#### [Exercise objective]
The pictures are to be omitted when the entries are reproduced exactly.

Short descriptive text snippets:
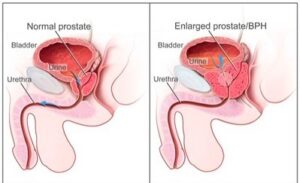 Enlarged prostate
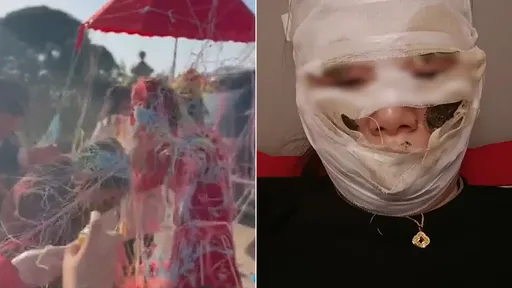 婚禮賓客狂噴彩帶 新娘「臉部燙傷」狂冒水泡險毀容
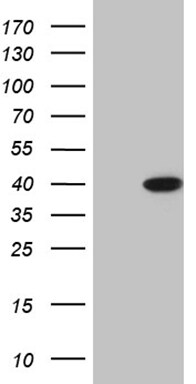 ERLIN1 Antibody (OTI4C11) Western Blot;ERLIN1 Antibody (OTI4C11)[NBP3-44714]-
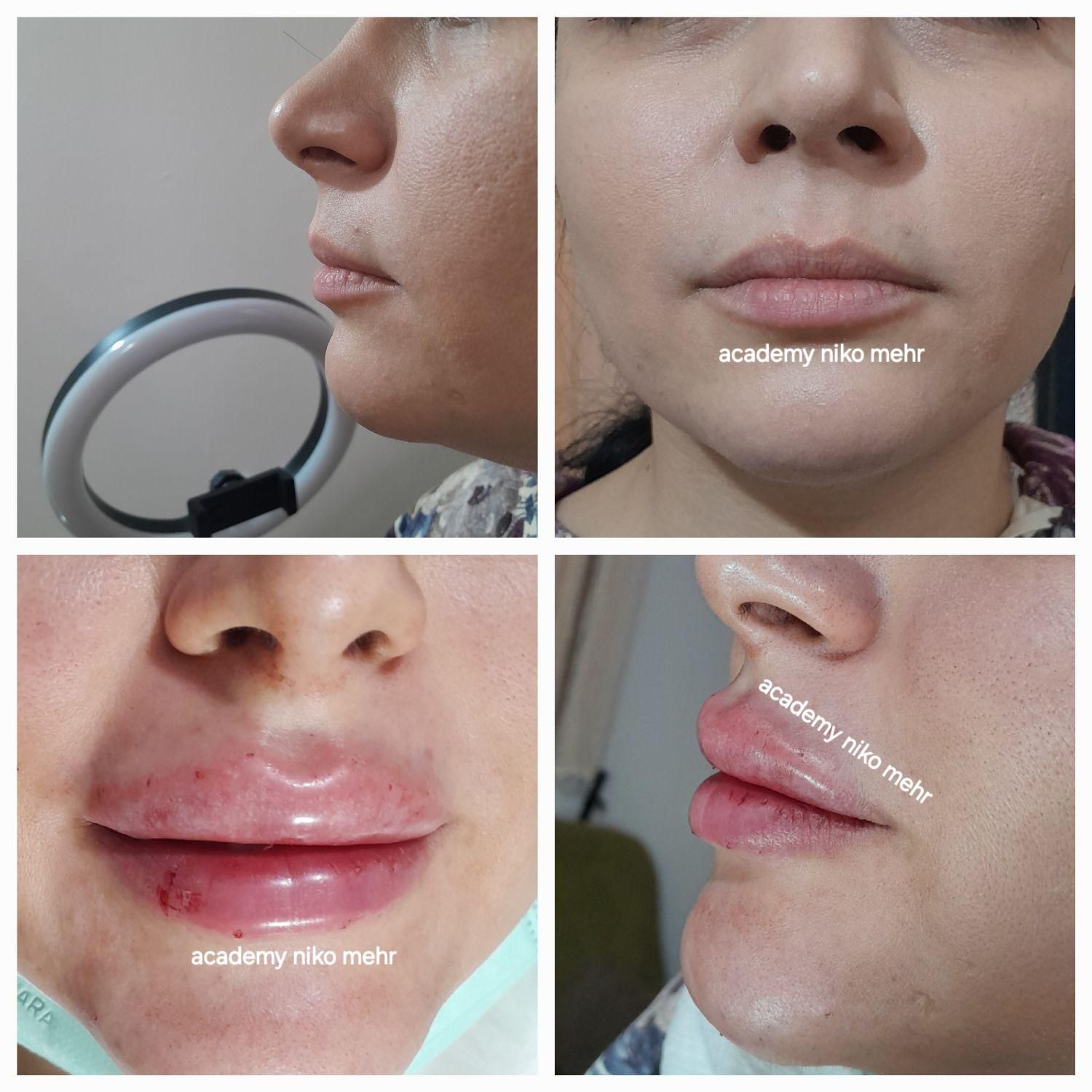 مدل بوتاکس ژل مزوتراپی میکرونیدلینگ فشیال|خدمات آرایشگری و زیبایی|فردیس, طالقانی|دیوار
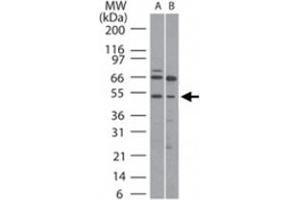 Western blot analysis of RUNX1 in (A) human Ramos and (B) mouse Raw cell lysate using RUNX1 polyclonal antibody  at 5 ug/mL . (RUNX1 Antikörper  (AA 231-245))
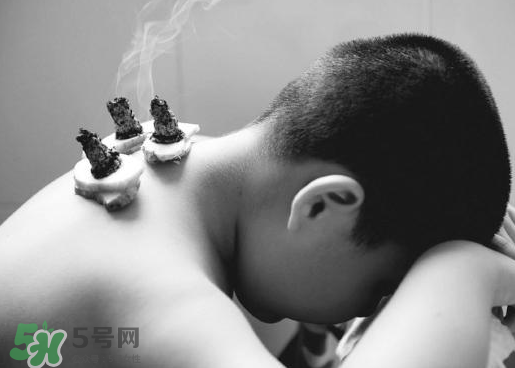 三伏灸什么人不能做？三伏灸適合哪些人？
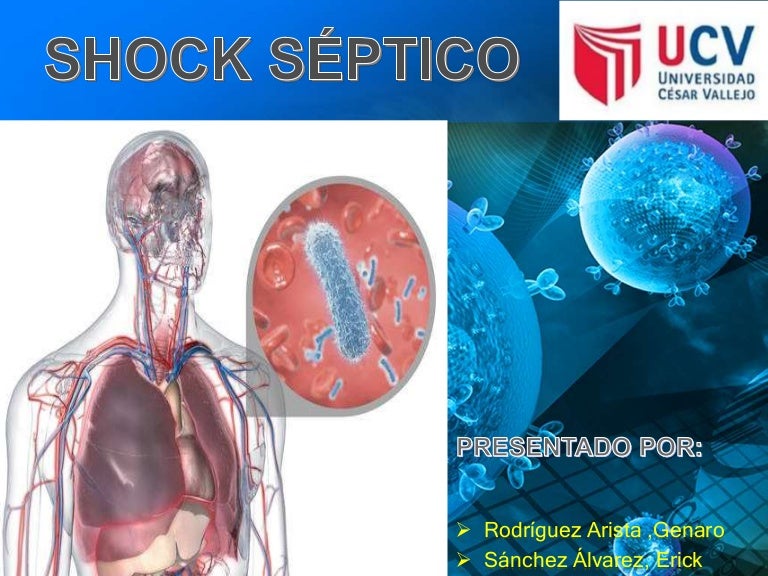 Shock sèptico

#### [Solution to this exercise]
 Enlarged prostate
 婚禮賓客狂噴彩帶 新娘「臉部燙傷」狂冒水泡險毀容
 ERLIN1 Antibody (OTI4C11) Western Blot;ERLIN1 Antibody (OTI4C11)[NBP3-44714]-
 مدل بوتاکس ژل مزوتراپی میکرونیدلینگ فشیال|خدمات آرایشگری و زیبایی|فردیس, طالقانی|دیوار
 Western blot analysis of RUNX1 in (A) human Ramos and (B) mouse Raw cell lysate using RUNX1 polyclonal antibody  at 5 ug/mL . (RUNX1 Antikörper  (AA 231-245))
 三伏灸什么人不能做？三伏灸適合哪些人？
 Shock sèptico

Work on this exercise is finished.